Originally Posted By: PT1
The Fiat deal has been approved at all levels except the Hedge funds who wanted a larger percentage than all other participants. This chap 11 will allow the deal to be completed and rid them of the hedge fund guys stoopid demands. Then Chrysler will come back with the same deal as before...minus some bondholders & Wall St. fund managers. The US Govt will give them $4billion to make it through the Chap 11 proceedings and $4 bil once they emerge. This will be very interesting of the bondholders & hedge fund guys don't sue. But I doubt they can if Chrysler is in Chap11. Then the bondholders will get what the Judge gives them and have no recourse to hold anyone hostage.
Chrysler better not ever try to go back to the bond market to get more capital, because no one in his right mind will ever loan them a cent again.
Bankruptcy laws, for the last couple centuries, have established a hierarchy of which creditors get paid first. Obama turned this hierarchy upside down.

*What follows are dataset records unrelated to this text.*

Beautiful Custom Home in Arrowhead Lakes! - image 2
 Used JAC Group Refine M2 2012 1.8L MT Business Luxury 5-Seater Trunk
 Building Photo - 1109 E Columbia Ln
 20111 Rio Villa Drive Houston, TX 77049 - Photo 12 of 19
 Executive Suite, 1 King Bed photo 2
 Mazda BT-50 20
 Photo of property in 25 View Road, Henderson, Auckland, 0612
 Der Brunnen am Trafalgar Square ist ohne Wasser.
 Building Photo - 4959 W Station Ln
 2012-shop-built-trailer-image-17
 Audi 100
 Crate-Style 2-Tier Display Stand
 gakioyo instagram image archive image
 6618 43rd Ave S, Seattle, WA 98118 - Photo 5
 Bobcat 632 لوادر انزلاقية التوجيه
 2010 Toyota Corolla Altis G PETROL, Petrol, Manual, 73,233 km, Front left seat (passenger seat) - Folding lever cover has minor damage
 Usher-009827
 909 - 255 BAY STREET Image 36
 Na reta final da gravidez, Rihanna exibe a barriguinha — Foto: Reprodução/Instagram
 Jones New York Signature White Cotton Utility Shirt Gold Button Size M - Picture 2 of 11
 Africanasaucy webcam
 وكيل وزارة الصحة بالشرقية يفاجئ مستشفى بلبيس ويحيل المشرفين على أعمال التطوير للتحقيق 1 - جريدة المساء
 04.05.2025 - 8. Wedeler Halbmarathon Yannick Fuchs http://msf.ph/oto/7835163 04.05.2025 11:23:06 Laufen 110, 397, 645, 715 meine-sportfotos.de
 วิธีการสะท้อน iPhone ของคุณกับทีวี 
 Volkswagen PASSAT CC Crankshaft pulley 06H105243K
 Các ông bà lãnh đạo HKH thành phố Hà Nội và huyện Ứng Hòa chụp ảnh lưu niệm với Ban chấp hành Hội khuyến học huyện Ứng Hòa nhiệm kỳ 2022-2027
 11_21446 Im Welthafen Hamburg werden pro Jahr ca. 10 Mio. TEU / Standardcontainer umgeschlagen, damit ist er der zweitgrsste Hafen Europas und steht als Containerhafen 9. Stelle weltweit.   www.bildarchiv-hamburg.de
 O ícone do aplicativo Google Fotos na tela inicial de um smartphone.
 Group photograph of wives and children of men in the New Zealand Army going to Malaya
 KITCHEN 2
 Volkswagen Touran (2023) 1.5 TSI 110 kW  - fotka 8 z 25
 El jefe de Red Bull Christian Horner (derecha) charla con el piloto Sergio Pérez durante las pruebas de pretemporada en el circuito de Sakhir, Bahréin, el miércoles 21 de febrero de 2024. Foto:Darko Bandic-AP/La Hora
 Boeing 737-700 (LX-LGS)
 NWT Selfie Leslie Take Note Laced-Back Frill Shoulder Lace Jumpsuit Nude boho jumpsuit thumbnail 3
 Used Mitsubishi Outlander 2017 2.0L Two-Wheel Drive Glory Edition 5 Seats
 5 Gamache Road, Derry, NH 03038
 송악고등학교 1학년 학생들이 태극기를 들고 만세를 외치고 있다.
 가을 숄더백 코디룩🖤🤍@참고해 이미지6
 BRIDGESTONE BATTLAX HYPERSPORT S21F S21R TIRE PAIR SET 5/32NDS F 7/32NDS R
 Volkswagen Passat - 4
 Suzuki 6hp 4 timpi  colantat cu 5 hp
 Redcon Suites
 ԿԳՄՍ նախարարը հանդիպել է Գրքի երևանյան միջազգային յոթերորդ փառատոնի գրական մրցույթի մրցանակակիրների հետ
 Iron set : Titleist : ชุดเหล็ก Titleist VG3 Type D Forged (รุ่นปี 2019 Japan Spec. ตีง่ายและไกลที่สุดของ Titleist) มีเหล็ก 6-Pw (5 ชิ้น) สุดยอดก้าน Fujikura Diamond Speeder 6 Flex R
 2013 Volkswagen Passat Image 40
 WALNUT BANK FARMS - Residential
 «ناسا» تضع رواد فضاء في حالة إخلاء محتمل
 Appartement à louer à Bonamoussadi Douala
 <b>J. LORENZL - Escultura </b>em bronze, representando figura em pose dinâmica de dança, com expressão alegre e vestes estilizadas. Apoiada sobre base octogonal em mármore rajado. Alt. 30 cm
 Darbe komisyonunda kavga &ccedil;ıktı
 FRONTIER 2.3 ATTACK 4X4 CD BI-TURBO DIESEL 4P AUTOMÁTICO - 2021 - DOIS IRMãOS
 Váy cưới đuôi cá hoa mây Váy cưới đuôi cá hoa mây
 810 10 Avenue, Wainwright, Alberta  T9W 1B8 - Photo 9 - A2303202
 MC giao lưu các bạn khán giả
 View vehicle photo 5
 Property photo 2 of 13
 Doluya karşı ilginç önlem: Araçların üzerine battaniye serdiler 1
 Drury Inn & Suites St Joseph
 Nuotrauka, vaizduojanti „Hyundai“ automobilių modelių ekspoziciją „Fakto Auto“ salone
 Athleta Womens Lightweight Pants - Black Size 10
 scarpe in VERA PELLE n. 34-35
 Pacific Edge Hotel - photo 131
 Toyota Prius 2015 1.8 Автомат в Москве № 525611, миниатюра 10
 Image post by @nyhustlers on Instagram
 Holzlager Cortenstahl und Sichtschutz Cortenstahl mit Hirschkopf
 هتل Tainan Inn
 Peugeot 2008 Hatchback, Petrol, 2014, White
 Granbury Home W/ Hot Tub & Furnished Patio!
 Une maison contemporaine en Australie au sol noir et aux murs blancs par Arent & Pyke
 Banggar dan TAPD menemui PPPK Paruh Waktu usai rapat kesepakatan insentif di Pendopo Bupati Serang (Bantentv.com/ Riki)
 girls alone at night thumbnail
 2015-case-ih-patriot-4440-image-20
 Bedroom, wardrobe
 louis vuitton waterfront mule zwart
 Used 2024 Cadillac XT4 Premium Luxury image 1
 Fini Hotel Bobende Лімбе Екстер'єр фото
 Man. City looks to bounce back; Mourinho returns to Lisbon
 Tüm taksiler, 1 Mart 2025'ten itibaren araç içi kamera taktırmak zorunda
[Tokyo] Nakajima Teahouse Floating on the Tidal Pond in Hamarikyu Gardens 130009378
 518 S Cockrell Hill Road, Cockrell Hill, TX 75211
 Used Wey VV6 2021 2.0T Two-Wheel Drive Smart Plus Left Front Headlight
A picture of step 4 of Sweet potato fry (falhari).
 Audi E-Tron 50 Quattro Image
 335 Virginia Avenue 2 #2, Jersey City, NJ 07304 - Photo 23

Chrysler is not the only company that will be hurt. All interest rates on corporate bonds will climb higher than they would otherwise be. The financial advisors who help people planning for retirement and those already retired will strongly recommend that they stay away from corporate bonds. Pension funds and high-grade mutual funds will stay away.
Imagine, if you will, the best-managed and most stable company in the world. Let's just pick Proctor & Gamble, for instance... been around for a century, always makes a profit, always pays its debts. Even companies like P&G will have to pay much higher rates if they go to the bond markets for capital, thanks to Barack Obama.
One other impact -- even more companies will cancel any expansion plans they might have in the US, and will instead direct these investments to their overseas subsidiaries. They will be able to borrow at lower cost, and they will not have to pay the higher taxes and meet the stiffer regulatory burdens being imposed by Obama. So the Chrysler bankruptcy scheme will encourage job creation in other countries at the expense of jobs in the US.